Likewise, the ACLU of Montana argued in its amicus brief before the state supreme court that corporate corruption "can be found when the evidence indicates that the democratic process has been undermined through intentionally overwhelming the citizenry's voice and undermining the individual voter's confidence in the political process."
Montana, Ellingson says, has "mountains" of such evidence: Before the Corrupt Practices Act, during the days of the Copper Kings, corporations dominated the political process. Magnate William A. Clark famously bribed the Montana Legislature to appoint him to the U.S. Senate. Ellingson says such episodes serve "as a lesson to us about what can happen when there is unregulated money introduced into the political process to influence people."

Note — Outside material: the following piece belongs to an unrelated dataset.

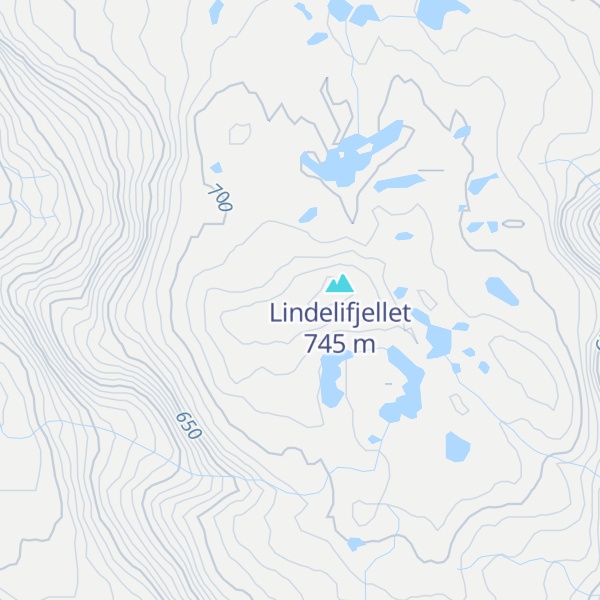 Map of Blåfjellet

The national ACLU has stuck to its pro-Citizens United stance, though it appears to be softening it. In 2010, the organization's board revised its campaign-finance policy relating to voluntary public financing plans, acknowledging that "very large contributions to candidates may lead to undue influence or corruption and, at a minimum, have the appearance of impropriety and undermine public confidence in the electoral system's integrity."